The Dream Walking, artist unknown

Anyway. For me the film’s strengths lay in its very accurate presentation of the dream world, thus, the dreaming mind. I can’t begin to express thoroughly how tired I am of dream dictionaries, mystics who insist that Regular Guy has no business interpreting his own dreams. Sure, having a handy index of alphabetized symbols scribed from the collective consciousness since the dawn of humanity is helpful. My ego’s not that big. My experience as someone who teaches dreamwork, though, is that while those tomes do a great job of describing common archetypes, they rarely actually help a person unravel symbolic meaning as it relates to her present circumstances.
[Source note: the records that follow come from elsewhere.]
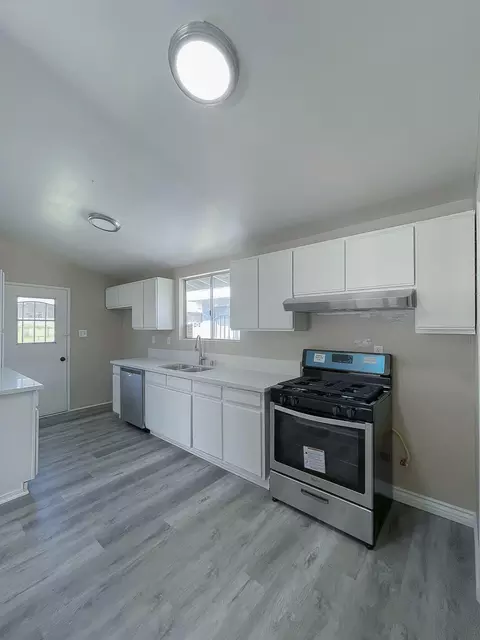 414 Lancaster Blvd E, Lancaster, CA 93535 photo 4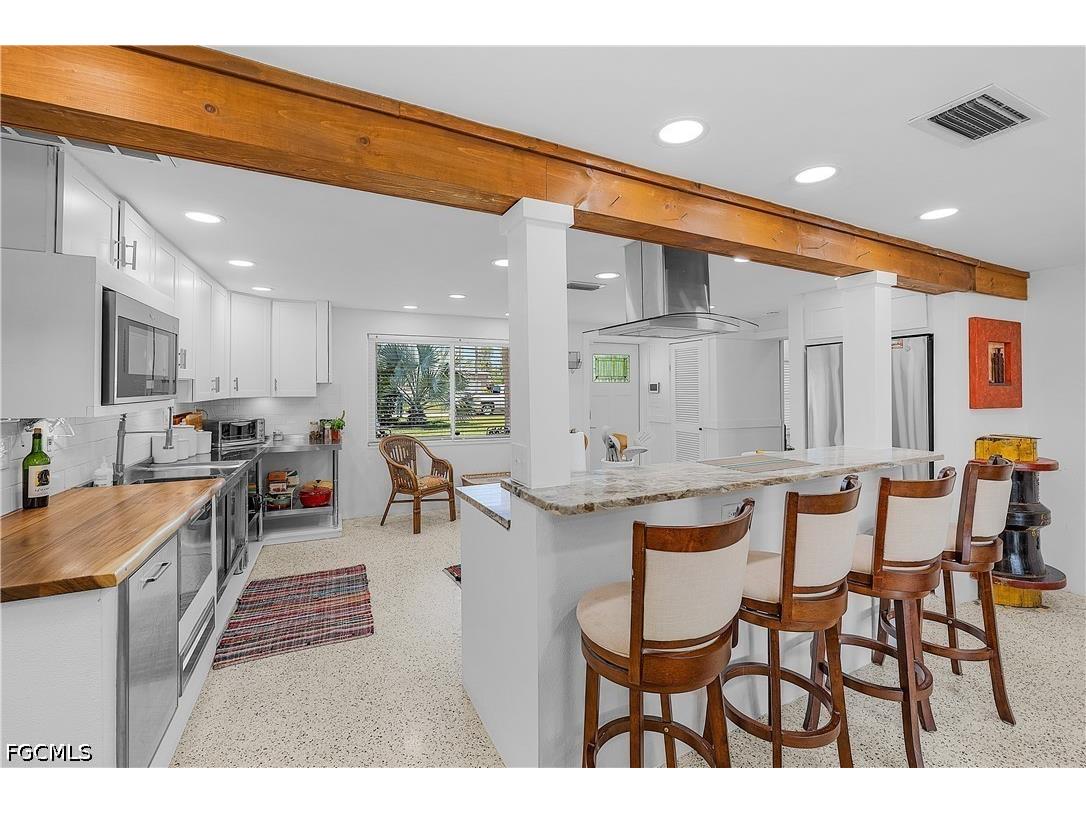 5387 Marina Drive Bokeelia FL 33922 2026021981 image4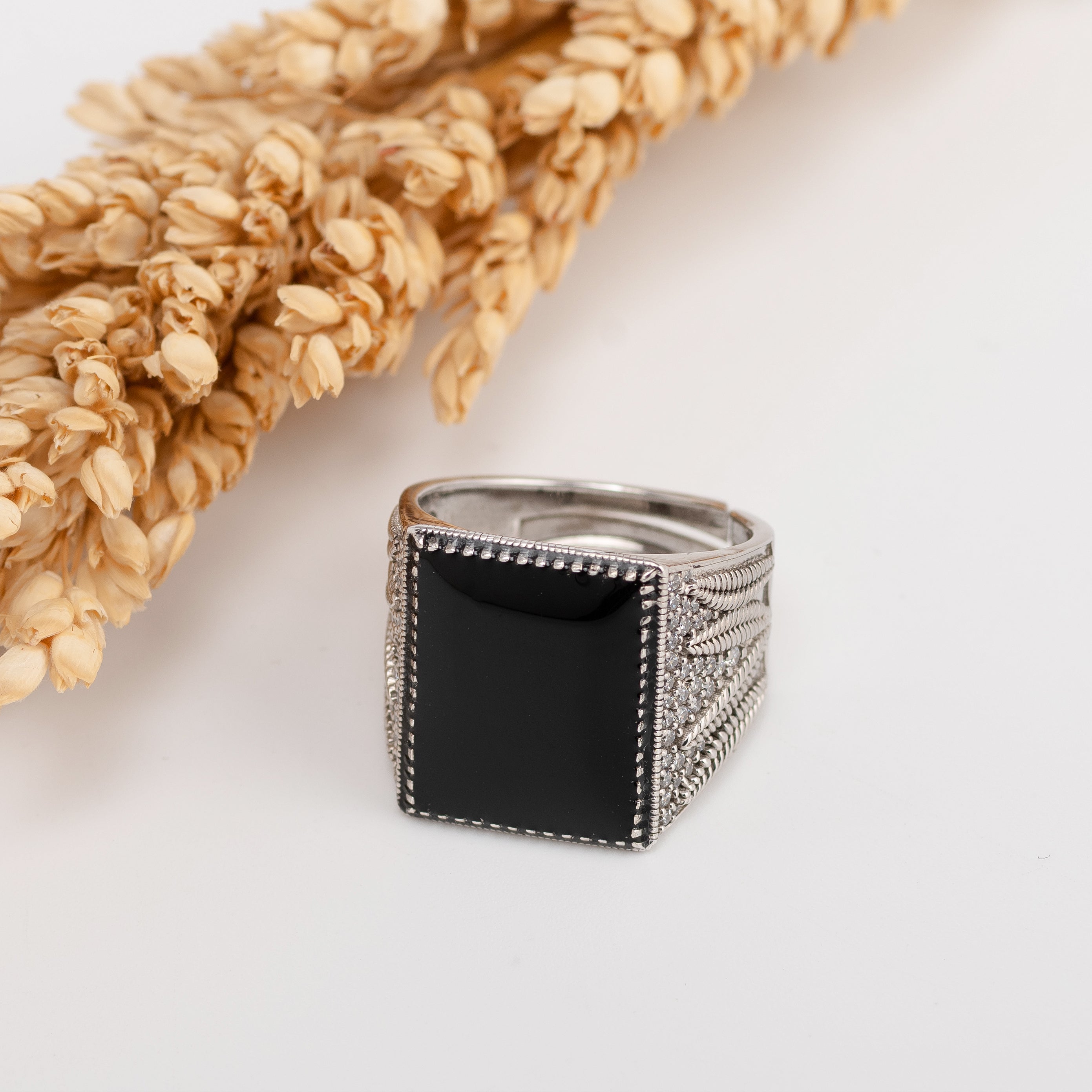 Obsidian Crown Ring – Premium Signet Ring in Silver & Black Stone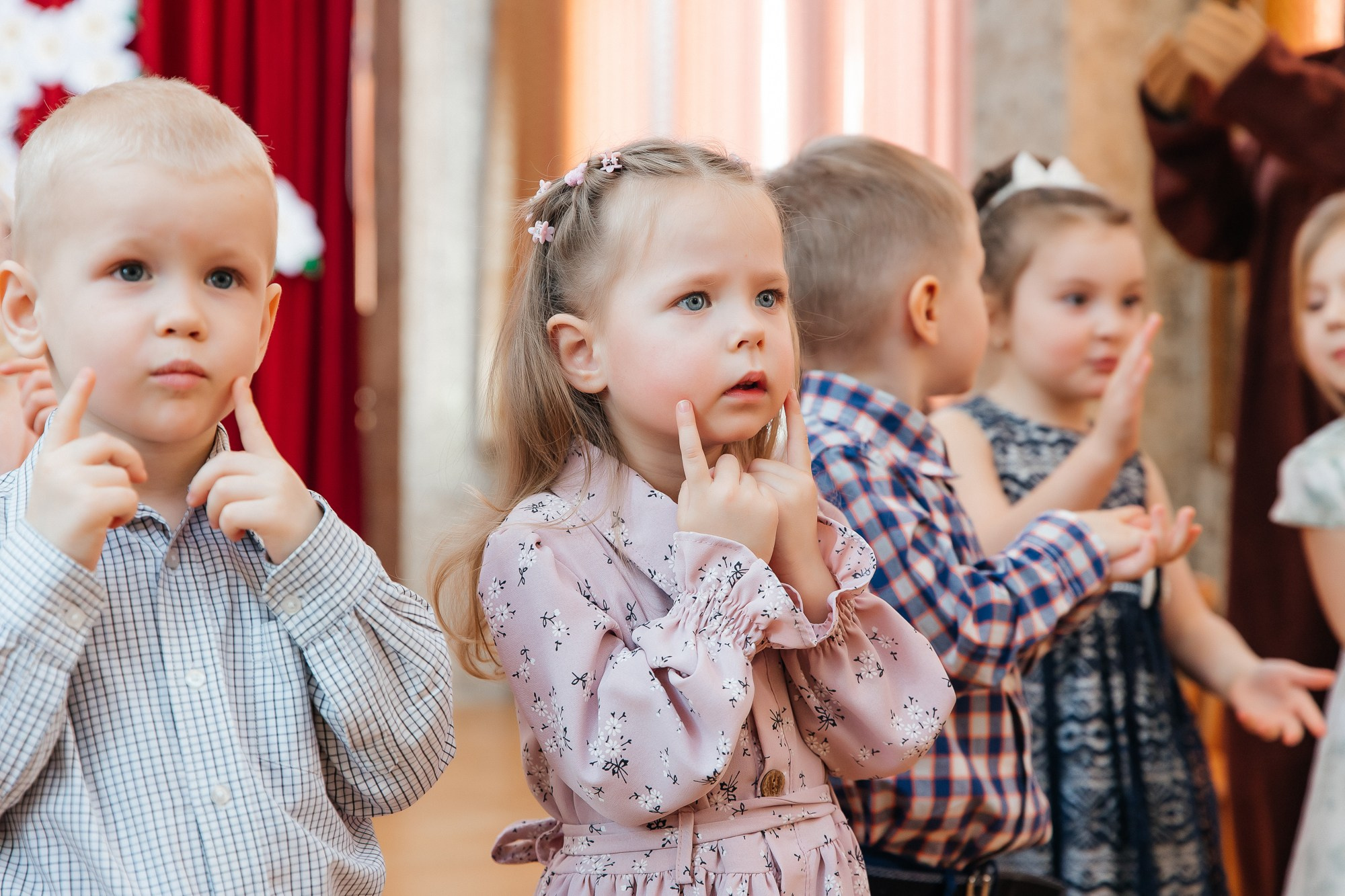 Детский сад № 93 — Утренник (07.03.2023). Свадебный и семейный фотограф Крамар Наталья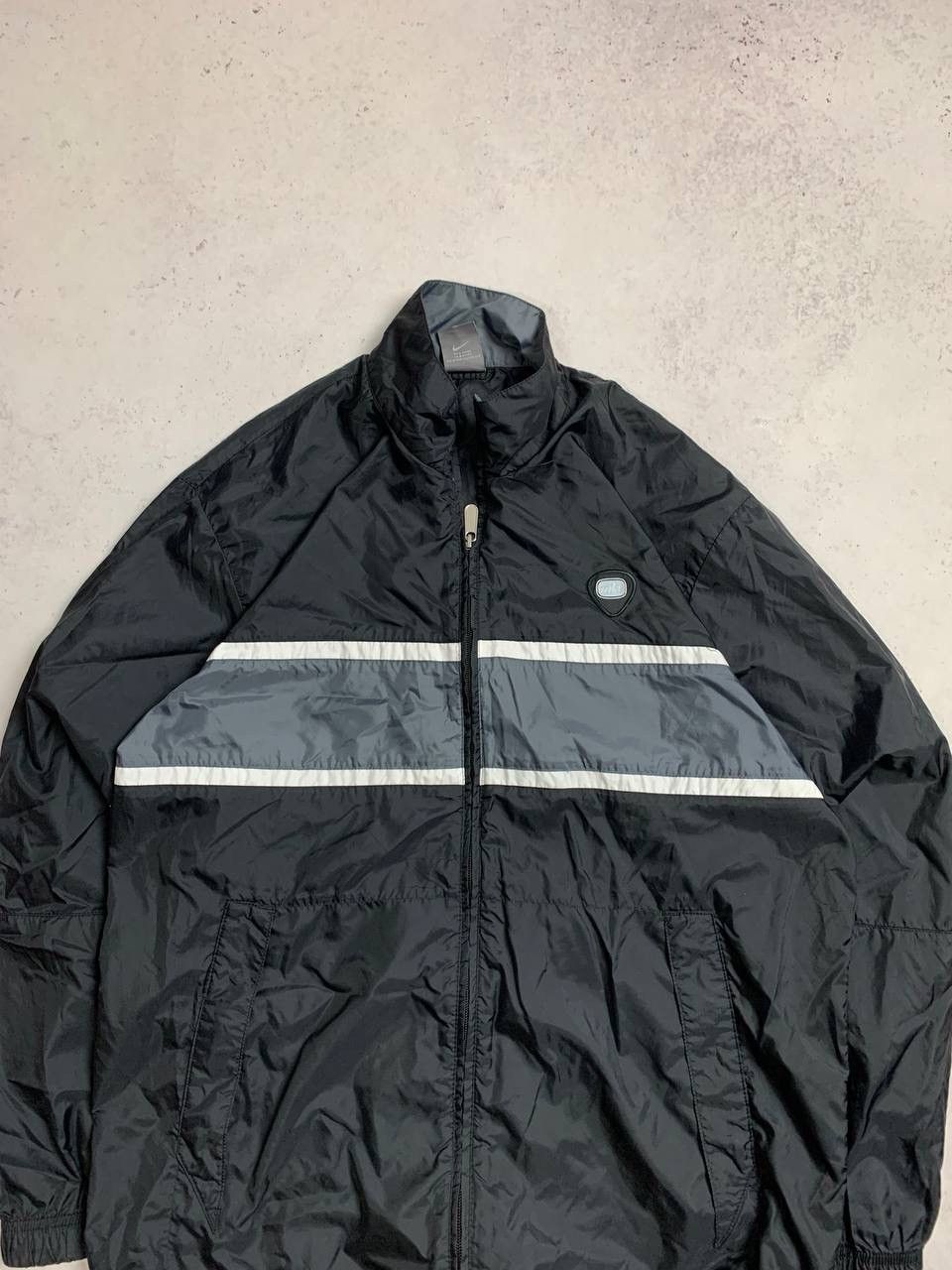 Nike Vintage Nike Black Nylon Olympic Jacket Y2K L Size US L / EU 52-54 / 3 - 3 Thumbnail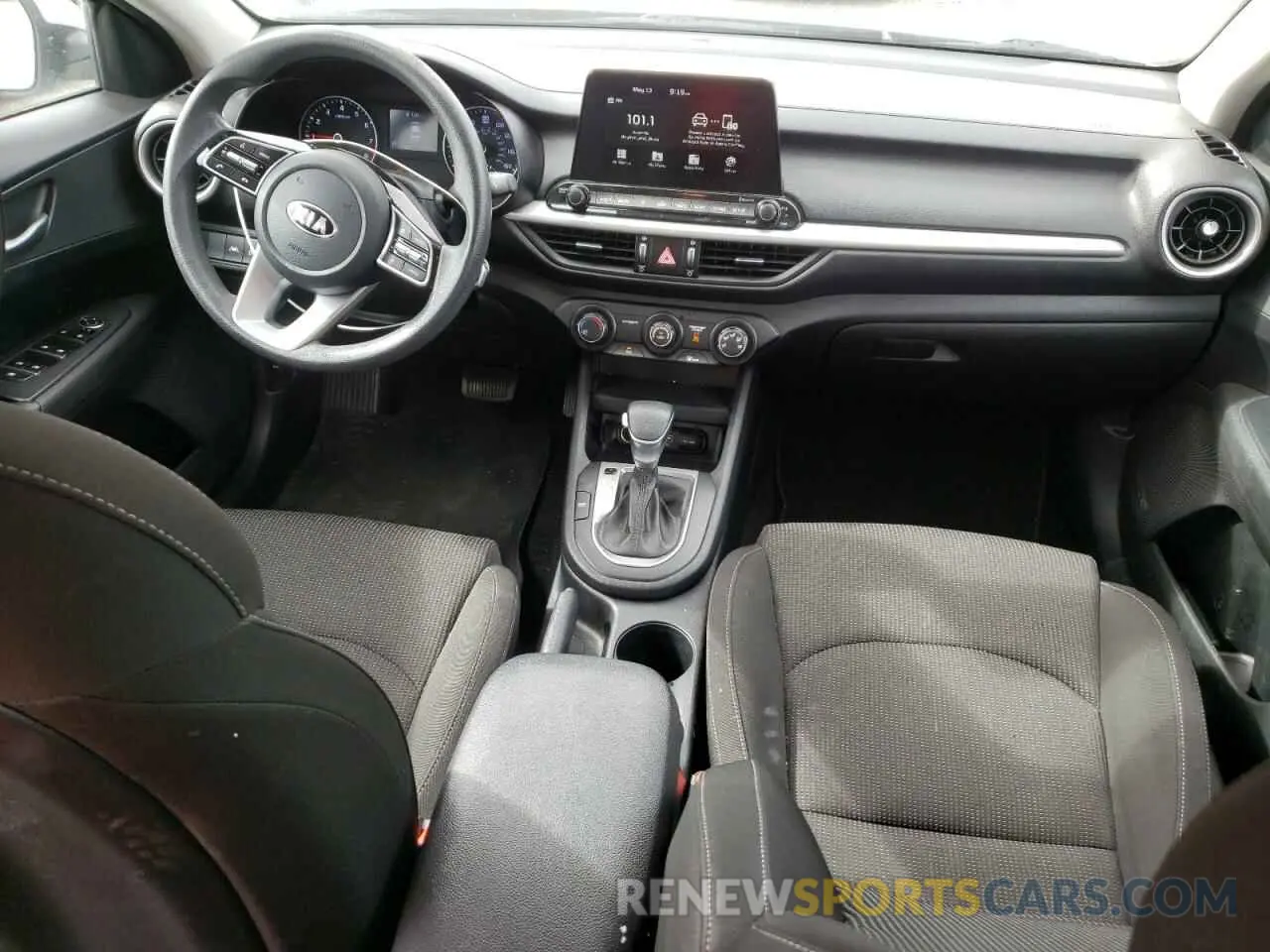 8 Фотография поврежденного автомобиля 3KPF24AD8ME272127 KIA FORTE 2021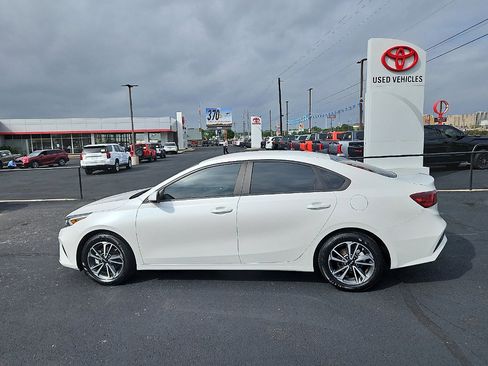 Used 2023 Kia Forte LXS FWD image 2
As for intuitives who imply that we are each not the captains of our dream vessels and navigating their star paths… I say Inception’s Cobb knows better.

Inception presents the dream world as it truly is: a reflection of the self. The Dreaming is the collection of symbols unique and wholly meaningful to an individual as presented by that individual unconscious. Rarely is an element of a dream truly interjected by another force, and when it is, the individual’s unconscious allowed it to be. Consider that everything greeting you in dreams is some facet of yourself–the beauty, the scenery, the horror, the relatives, the peace. All are components of you projected onto the screen of your mind for you and you alone to receive, process and use as agents of change in your life.

So maybe Hollywood still needs a mechanism to propel self-awareness. Fine. I’ll give it that. But the fact that it opened its audience to truths in controlling dreams, that it presented the potential to use dreams as catharsis for the self, and that it nailed the underlying mechanics of the dreaming human consciousness is a strategic and welcomed leap forward in mainstream entertainment.